Sony Thwarted Again – PSP 2.60 Hacked – First Homebrew Emerges!

I saw this on digg this morning:

A hacker has taken the next step and accomplished the unthinkable, hacking the 2.60 Firmware PSP! It is now possible to play homebrew games on your PSP no matter what firmware it has. Sony, give up on trying to stop us!

I haven’t tried this out yet (the new is still on my PSP, and I don’t feel like screwing it up) but it seems silly to actively pursue a strategy of trying to keep your customers from using their machines in creative new ways. I wish that a console or handheld manufacturer would someday realize that by embracing user modifications and homebrew, they could potentially add value to their products.

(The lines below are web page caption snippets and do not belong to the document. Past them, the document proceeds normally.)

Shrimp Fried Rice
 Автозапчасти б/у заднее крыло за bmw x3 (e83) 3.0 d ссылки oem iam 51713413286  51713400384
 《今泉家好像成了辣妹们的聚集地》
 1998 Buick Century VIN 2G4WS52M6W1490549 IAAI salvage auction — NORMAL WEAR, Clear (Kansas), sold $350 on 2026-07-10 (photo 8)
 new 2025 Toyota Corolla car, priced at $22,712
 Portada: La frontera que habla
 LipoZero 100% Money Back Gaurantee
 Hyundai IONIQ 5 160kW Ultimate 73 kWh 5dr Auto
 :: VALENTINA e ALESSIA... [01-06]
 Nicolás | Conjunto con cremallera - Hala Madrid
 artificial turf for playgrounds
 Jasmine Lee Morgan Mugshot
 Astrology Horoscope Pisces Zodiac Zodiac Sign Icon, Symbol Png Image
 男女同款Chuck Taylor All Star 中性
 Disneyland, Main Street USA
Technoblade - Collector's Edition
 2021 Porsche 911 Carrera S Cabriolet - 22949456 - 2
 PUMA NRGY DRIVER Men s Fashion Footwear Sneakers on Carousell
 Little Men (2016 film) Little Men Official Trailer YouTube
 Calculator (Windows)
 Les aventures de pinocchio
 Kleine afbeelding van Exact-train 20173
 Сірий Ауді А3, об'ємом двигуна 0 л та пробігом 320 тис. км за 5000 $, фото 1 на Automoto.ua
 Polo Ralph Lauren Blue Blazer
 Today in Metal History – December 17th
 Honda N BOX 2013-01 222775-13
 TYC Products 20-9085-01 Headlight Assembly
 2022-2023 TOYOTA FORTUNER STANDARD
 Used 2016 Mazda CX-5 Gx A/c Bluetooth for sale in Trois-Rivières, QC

I know, I know, they are trying to prevent piracy. They don’t want everyone to be running Wipeout Pure when they didn’t pay for it. I get that. And I must admit, I don’t really know how to establish an iron-clad piracy protection scheme, but then, neither does Sony (obviously). I was thinking the other day that it might be interesting to have programs which are executed from the Memory Stick to simply not be able to access any of the Disk hardware. I can think of lots of ways that might fail, and hardware mods might still work to circumvent such measures, but it would go along way to keeping people from snarfing data off of UMD disks.

Of course, if anyone DOES get it off disc (say by using a logic analyzer on the data bus during execution) you are screwed.

Oh well. I imagine that we’ll see a continuation of this arms race for some time to come.